* _Problem statement_:
Return exactly the lines of the records below, starting at the line that contains "Step 2: Verify" and ending at the line that contains "If you found", with both of those lines kept.

[Dataset excerpts]
[Start of section]
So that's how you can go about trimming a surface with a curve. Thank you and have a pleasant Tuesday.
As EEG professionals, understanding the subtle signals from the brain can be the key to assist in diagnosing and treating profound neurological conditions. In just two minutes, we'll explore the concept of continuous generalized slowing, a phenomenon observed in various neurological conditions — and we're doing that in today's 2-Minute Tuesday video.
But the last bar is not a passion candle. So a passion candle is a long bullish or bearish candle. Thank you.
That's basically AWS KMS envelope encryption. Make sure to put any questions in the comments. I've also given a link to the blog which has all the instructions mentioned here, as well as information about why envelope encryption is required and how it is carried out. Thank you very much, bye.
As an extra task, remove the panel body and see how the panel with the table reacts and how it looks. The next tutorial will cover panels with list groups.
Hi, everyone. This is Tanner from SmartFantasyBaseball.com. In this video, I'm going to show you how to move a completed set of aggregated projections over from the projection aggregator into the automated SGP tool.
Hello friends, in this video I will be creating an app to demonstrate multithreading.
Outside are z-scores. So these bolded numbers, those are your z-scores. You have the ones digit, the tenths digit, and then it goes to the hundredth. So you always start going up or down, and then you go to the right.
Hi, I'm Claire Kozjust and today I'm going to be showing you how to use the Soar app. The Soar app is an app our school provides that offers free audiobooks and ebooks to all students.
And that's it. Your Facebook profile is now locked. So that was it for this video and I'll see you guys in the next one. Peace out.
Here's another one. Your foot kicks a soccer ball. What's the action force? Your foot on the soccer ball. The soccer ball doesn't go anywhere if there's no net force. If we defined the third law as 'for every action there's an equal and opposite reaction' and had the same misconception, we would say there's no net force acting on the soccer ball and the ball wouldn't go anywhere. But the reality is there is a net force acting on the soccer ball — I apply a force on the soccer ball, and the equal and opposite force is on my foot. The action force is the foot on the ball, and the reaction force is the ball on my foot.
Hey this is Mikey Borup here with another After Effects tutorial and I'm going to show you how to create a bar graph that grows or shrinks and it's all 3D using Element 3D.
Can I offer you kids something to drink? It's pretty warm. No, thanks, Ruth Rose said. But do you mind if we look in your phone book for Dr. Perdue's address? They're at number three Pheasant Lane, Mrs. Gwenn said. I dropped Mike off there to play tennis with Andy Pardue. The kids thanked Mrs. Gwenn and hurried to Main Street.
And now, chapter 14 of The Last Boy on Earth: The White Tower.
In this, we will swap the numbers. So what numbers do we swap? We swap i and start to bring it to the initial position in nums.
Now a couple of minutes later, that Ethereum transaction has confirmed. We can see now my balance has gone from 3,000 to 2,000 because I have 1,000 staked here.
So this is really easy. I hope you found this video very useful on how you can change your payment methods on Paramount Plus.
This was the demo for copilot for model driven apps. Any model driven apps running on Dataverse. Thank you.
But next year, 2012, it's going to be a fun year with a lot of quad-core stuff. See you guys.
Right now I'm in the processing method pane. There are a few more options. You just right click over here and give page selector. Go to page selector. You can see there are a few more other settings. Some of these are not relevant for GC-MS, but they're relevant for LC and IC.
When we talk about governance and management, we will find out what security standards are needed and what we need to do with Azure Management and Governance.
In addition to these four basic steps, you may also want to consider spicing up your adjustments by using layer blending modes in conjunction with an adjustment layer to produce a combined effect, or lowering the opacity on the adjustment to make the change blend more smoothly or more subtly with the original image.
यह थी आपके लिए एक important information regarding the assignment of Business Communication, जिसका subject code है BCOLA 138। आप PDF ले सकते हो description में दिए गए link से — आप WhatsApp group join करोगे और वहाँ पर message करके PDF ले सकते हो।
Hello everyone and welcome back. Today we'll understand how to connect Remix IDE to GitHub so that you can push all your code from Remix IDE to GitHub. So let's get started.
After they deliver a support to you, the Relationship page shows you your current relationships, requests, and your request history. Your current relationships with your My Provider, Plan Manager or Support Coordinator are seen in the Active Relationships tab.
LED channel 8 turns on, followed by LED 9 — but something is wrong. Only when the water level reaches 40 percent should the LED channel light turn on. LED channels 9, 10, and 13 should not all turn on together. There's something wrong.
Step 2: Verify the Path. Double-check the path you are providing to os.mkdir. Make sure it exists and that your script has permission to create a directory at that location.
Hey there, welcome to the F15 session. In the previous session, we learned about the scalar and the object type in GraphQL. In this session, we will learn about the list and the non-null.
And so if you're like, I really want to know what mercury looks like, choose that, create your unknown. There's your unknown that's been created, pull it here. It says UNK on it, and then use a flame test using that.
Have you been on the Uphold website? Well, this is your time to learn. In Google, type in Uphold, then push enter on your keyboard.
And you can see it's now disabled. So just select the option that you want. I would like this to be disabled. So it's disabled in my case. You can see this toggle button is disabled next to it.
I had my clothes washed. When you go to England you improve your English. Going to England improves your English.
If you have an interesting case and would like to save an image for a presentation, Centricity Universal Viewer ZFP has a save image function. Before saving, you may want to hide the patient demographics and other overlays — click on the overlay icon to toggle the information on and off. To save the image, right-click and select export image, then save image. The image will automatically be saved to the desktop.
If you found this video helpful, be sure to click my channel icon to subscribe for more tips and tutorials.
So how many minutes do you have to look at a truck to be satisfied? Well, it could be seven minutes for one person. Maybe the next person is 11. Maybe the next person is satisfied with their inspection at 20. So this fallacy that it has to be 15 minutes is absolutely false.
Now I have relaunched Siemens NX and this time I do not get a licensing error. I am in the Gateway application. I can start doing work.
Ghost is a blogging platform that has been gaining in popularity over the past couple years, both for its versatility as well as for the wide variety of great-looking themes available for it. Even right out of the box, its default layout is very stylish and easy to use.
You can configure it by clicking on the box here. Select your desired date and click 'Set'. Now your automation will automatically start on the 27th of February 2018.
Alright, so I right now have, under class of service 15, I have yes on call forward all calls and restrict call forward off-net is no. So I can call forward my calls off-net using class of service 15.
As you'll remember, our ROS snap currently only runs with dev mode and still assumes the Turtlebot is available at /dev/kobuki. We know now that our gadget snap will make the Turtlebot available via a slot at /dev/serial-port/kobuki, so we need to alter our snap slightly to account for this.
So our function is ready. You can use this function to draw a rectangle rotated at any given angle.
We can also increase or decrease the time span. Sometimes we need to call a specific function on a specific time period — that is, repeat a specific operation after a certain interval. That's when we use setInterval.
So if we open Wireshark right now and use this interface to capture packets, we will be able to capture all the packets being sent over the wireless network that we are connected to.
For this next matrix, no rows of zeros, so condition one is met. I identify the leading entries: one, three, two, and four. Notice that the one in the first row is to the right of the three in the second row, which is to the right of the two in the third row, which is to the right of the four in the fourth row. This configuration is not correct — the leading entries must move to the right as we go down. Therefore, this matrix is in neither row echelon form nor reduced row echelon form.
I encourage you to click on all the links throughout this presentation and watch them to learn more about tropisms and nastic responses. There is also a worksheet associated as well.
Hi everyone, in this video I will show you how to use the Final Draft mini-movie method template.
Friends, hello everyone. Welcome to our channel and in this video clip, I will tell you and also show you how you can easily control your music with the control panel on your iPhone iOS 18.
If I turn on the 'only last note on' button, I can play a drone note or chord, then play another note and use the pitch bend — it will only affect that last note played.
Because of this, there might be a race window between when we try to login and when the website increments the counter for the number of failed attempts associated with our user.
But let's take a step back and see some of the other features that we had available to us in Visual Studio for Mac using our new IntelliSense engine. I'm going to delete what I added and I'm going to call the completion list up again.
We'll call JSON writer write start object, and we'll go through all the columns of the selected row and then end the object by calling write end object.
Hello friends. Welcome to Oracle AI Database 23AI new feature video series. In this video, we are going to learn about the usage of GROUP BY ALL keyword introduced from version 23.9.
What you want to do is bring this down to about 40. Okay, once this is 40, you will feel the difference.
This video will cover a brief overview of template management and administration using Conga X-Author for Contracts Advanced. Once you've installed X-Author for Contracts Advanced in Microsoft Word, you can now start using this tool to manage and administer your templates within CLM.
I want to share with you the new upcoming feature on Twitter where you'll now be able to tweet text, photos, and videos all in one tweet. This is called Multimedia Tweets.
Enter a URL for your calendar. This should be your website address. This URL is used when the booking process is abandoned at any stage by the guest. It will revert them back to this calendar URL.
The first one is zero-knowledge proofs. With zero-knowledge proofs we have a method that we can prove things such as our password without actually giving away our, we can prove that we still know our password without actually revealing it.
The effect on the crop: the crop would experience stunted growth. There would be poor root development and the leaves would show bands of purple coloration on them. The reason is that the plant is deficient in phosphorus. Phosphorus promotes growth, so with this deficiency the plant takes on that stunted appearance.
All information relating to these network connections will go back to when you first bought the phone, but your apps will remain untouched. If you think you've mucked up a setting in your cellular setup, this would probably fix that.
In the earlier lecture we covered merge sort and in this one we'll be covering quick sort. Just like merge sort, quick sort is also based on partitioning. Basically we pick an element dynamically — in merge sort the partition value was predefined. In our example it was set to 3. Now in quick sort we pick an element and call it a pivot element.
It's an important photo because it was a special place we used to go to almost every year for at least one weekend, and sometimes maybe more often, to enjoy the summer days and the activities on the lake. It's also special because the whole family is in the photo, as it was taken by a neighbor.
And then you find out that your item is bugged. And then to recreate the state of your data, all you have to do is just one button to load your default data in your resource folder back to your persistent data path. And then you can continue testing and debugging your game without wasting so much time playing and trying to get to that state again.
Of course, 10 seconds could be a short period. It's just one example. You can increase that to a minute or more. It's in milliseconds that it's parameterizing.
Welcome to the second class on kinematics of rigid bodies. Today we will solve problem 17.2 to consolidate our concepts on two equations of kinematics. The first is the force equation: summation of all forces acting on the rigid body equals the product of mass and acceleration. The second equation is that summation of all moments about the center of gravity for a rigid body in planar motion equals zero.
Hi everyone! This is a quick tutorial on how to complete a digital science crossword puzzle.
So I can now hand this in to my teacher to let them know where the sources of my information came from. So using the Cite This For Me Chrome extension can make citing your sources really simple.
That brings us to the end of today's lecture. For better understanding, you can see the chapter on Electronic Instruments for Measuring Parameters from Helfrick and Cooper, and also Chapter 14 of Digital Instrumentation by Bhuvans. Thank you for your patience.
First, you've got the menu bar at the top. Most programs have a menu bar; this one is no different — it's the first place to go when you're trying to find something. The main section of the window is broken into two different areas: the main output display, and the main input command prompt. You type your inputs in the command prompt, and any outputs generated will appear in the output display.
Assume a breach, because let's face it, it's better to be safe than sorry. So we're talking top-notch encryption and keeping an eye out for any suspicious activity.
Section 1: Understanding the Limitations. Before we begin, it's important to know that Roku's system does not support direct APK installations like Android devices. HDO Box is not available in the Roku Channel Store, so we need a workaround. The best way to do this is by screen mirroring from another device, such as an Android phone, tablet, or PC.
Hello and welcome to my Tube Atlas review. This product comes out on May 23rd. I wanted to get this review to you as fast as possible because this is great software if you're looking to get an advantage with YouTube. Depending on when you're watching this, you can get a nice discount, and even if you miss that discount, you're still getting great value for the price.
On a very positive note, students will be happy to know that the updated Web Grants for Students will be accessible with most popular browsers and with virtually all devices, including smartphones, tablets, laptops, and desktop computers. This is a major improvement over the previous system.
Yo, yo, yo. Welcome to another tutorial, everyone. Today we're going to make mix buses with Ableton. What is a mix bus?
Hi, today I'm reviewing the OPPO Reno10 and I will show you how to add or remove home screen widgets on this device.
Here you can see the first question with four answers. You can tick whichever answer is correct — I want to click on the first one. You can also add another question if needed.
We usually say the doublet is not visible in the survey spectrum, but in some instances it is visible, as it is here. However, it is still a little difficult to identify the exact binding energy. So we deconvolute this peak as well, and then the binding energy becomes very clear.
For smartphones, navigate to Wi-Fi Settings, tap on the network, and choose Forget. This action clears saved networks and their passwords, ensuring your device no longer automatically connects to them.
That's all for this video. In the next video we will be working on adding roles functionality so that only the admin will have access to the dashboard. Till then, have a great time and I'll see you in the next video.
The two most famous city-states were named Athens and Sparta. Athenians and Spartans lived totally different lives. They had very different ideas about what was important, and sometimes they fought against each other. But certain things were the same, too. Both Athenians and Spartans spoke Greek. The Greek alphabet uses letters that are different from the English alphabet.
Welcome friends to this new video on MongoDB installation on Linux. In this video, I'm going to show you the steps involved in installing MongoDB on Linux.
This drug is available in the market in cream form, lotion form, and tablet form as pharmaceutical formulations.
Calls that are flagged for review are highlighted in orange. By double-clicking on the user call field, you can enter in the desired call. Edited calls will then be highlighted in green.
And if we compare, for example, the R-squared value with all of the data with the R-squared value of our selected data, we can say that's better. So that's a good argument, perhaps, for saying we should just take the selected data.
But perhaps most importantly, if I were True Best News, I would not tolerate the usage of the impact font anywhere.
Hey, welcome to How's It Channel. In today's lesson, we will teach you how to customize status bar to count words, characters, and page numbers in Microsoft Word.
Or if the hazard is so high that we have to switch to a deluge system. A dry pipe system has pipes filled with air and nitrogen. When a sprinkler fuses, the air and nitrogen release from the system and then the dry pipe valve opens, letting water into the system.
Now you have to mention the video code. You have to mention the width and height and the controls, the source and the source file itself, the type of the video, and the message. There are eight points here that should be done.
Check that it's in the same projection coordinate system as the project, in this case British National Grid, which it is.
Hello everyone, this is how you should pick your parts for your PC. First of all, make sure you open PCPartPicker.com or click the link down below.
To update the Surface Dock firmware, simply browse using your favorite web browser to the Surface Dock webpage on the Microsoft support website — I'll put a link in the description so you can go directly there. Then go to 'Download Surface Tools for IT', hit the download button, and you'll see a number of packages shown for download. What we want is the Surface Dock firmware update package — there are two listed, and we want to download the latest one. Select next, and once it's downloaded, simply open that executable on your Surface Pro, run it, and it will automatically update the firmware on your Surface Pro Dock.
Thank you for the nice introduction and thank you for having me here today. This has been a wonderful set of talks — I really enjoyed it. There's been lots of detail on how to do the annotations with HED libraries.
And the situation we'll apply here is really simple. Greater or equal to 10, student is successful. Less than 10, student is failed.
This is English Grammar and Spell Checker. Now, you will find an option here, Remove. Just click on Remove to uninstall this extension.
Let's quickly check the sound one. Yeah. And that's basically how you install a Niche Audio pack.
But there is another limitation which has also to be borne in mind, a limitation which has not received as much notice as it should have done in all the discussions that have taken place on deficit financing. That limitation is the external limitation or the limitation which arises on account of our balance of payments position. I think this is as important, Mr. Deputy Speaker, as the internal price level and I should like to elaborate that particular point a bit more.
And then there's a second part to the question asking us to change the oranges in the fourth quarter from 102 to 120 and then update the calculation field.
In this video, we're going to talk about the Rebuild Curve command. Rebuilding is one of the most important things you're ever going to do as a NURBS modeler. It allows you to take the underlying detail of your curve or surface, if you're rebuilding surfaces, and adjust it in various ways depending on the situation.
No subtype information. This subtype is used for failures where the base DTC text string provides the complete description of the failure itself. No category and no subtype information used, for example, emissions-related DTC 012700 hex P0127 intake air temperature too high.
[End of section]
* _Response for this exercise_:
Step 2: Verify the Path. Double-check the path you are providing to os.mkdir. Make sure it exists and that your script has permission to create a directory at that location.
Hey there, welcome to the F15 session. In the previous session, we learned about the scalar and the object type in GraphQL. In this session, we will learn about the list and the non-null.
And so if you're like, I really want to know what mercury looks like, choose that, create your unknown. There's your unknown that's been created, pull it here. It says UNK on it, and then use a flame test using that.
Have you been on the Uphold website? Well, this is your time to learn. In Google, type in Uphold, then push enter on your keyboard.
And you can see it's now disabled. So just select the option that you want. I would like this to be disabled. So it's disabled in my case. You can see this toggle button is disabled next to it.
I had my clothes washed. When you go to England you improve your English. Going to England improves your English.
If you have an interesting case and would like to save an image for a presentation, Centricity Universal Viewer ZFP has a save image function. Before saving, you may want to hide the patient demographics and other overlays — click on the overlay icon to toggle the information on and off. To save the image, right-click and select export image, then save image. The image will automatically be saved to the desktop.
If you found this video helpful, be sure to click my channel icon to subscribe for more tips and tutorials.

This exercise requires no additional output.